Archive for May, 2010

Architecture View of a Software Program

Thursday, May 27th, 2010

Michael Feather’s “Working Effectively With Legacy Code” describes architecture as a simplification of how software actually works. Details and inconsistencies are glossed over, but the gist of the software is the focus.

As such, it highlights the most important pieces of the software.

What if we could visualize the most important pieces? A simplified UML structure diagram or sequence diagram would be sufficient, and that’s probably what a lot of projects do. But what if we could go further?

The architecture description is hierarchical. You start by describing the central piece and then add the details and exceptions later. Could we make a semantic zooming view of software architecture, so that the most important parts were at the highest zoom level and more details become apparent, finally showing the actual code?

The question of course, would be how to do this without adding too much additional overhead to describing the software itself.

In Search of Serendipity

Saturday, May 22nd, 2010

One of m goals over this summer, and in life in general, is to increase my exposure to serendipity. To do this, I’m going to do a couple of things:

  • Keep an open mind and find joy and excitement in novelty
  • Try to meet and talk to strangers more

The second part is the most difficult to me. I can easily talk to strangers if I don’t know anyone at party, but I have difficulty talking to strangers in the grocery store, or whatever.

The conventional wisdom is basically “Just do it”, which may work. But I’ll have to keep track of it.

I can easily to up and talk to strangers if I have some extrinsic motivation — a dare, or proving a point to someone, the issue is doing it without the extrinsic motivation.

The other part is where exactly, I should go to meet interesting people. I can keep my eyes open everywhere, but I’d like to maximize the opportunity I have as well.

I’m going to make my goal to do the approach, to even annoy or confuse someone, not to get them to respond positively. I’m quite sure I’m able to do that, I just need to follow through.

Black Swans and Bayesian Belief (part 2)

Friday, May 21st, 2010

To be robust against black swans, you must select subjective priors which has a relatively high probability of rare events. E.g. Mandelbrotian, not Gaussian. Otherwise, your inductive bias will lead you to believe that no rare events are possible.

This does not protect against other types of model error, “true black swans” that exist because your assumptions are wrong, but it reduces the probability of Gray Swans becoming Black Swans.

Pascal’s Wager, Optimal Bayesian Decision and Serendipity

Thursday, May 20th, 2010

Bayesian decision theory basically states that you sum over all possible theories of events, and then multiply the probability of an event times the payoff to determine the optimal action.

The question is, what do you do when you don’t know what the probability of an event is? What do you know if you don’t know what the payoff is?

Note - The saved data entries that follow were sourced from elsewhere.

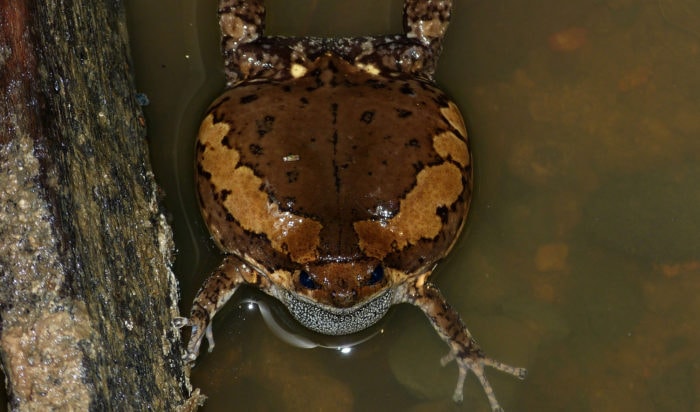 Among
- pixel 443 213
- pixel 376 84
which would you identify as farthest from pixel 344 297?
pixel 376 84

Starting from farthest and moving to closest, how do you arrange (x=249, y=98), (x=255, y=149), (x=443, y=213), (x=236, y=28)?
(x=236, y=28)
(x=249, y=98)
(x=443, y=213)
(x=255, y=149)

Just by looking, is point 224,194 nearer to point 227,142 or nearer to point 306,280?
point 227,142

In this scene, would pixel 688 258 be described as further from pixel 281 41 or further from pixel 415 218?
pixel 281 41

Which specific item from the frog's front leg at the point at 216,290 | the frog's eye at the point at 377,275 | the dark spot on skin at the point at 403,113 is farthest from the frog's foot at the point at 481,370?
the dark spot on skin at the point at 403,113

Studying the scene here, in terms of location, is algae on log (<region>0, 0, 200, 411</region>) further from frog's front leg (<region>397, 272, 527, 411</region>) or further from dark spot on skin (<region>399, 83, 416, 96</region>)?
dark spot on skin (<region>399, 83, 416, 96</region>)

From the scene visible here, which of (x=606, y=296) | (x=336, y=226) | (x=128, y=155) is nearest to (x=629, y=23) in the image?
(x=606, y=296)

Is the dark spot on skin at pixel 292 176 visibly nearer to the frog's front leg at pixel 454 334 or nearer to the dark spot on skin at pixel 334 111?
the dark spot on skin at pixel 334 111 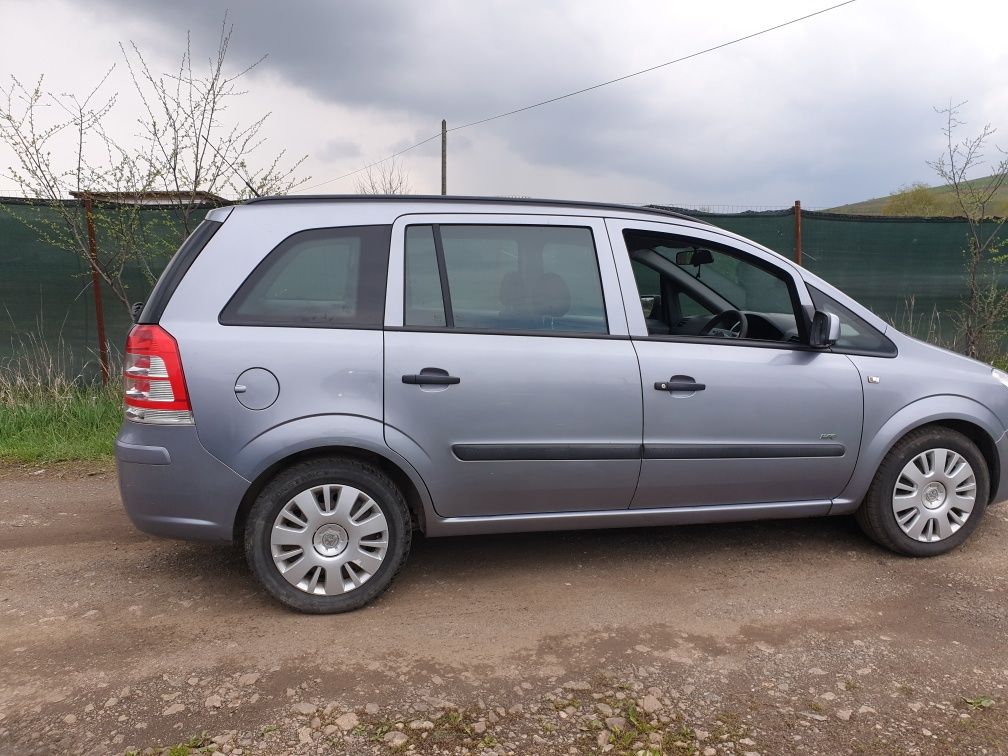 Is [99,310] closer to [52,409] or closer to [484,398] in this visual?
[52,409]

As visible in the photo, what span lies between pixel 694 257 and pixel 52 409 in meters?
5.43

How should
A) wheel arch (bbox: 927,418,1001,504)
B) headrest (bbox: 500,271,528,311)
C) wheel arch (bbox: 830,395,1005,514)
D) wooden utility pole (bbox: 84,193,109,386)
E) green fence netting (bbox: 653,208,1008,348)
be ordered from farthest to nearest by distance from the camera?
green fence netting (bbox: 653,208,1008,348), wooden utility pole (bbox: 84,193,109,386), wheel arch (bbox: 927,418,1001,504), wheel arch (bbox: 830,395,1005,514), headrest (bbox: 500,271,528,311)

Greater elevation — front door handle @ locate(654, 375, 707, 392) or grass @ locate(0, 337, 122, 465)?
front door handle @ locate(654, 375, 707, 392)

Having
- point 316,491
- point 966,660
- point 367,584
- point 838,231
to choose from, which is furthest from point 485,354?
point 838,231

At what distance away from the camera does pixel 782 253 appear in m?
7.85

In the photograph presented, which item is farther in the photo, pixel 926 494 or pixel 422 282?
pixel 926 494

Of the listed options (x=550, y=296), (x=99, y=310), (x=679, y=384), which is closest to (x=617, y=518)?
(x=679, y=384)

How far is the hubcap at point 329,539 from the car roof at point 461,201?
4.11 ft

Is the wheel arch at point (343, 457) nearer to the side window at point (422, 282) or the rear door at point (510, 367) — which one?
the rear door at point (510, 367)

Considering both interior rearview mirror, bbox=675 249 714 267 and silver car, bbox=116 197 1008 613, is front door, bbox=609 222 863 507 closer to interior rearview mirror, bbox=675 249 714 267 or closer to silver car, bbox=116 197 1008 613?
silver car, bbox=116 197 1008 613

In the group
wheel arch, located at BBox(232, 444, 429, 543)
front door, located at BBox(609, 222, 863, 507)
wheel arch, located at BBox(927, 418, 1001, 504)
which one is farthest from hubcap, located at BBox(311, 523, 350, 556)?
wheel arch, located at BBox(927, 418, 1001, 504)

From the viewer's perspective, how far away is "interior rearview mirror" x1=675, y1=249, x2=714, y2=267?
12.9 ft

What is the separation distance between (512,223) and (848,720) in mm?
2330

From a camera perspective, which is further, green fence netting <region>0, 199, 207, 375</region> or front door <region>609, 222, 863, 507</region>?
green fence netting <region>0, 199, 207, 375</region> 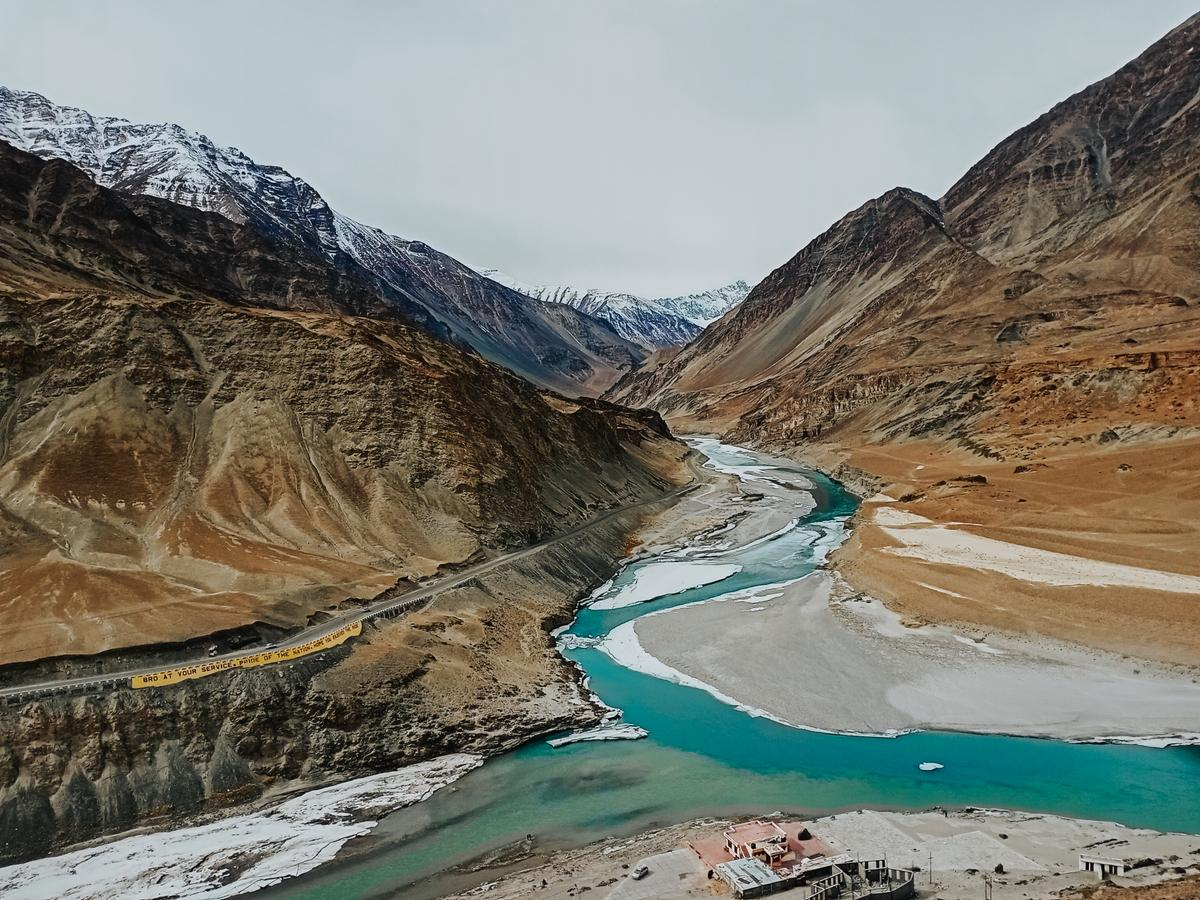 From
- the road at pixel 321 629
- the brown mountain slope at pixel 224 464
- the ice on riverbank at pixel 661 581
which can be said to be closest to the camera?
the road at pixel 321 629

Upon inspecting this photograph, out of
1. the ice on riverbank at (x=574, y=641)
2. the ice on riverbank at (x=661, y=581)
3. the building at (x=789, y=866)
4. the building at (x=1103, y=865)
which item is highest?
the ice on riverbank at (x=661, y=581)

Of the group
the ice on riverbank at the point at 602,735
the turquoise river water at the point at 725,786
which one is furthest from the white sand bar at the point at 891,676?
the ice on riverbank at the point at 602,735

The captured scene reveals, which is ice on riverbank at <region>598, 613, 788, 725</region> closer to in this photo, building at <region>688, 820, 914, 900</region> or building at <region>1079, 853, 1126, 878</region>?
building at <region>688, 820, 914, 900</region>

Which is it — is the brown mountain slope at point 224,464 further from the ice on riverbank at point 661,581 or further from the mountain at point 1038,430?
the mountain at point 1038,430

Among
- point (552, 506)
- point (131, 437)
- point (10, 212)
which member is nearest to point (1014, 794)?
point (552, 506)

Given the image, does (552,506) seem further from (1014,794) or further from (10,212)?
(10,212)

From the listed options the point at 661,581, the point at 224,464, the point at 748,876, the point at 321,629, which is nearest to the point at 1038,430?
the point at 661,581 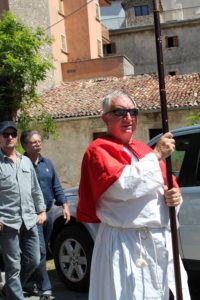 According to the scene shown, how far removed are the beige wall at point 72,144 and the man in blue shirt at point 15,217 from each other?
18793 millimetres

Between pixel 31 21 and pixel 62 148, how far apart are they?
8.99 metres

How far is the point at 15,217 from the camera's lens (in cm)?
504

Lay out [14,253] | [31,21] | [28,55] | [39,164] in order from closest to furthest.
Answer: [14,253], [39,164], [28,55], [31,21]

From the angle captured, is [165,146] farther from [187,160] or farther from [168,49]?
[168,49]

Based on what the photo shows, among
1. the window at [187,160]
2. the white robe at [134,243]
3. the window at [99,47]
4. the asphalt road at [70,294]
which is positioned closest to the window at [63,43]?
the window at [99,47]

The answer is in Pascal’s wager, assuming you can determine whether the payoff is bounded or unbounded, (either negative or positive) you base your decision solely on the payoff and not on the probability.

This is of course a heuristic and can be abused by silly people, but it’s still a good general description.

If you are looking for high payoff events that you don’t know when they’ll occur, you have to maximize your serendipity. That’s what I’m trying to focus on more and more in my life, maximizing serendipity.

Cython trees and graphs

Tuesday, May 4th, 2010

I wonder how fast Cython extension types are when it comes to graph like algorithms, e.g. construction and traversing trees and directed graphs.

I’ve seen a lot of examples of how much faster Cython is for stuff that involves arrays and loops, but I really need to experiment and see if I can increase the speed of the trees used for decision trees, for instance.

It’d also be interesting to see the speed compared to a purely static language and python dictionaries.